Dataset content:

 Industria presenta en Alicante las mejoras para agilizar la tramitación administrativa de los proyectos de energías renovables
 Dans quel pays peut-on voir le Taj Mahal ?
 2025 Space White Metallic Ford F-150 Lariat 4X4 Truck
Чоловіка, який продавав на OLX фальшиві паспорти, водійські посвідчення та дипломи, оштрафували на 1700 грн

...

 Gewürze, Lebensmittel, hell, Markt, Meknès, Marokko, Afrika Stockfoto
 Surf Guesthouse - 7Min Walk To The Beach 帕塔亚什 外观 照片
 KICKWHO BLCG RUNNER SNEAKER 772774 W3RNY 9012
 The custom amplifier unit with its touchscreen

What to work on:
Reproduce, exactly as they stand in the data above, the lines from the one that holds "Industria presenta en" to the one that holds "Чоловіка, який продавав", inclusive.

Result for this exercise:
 Industria presenta en Alicante las mejoras para agilizar la tramitación administrativa de los proyectos de energías renovables
 Dans quel pays peut-on voir le Taj Mahal ?
 2025 Space White Metallic Ford F-150 Lariat 4X4 Truck
Чоловіка, який продавав на OLX фальшиві паспорти, водійські посвідчення та дипломи, оштрафували на 1700 грн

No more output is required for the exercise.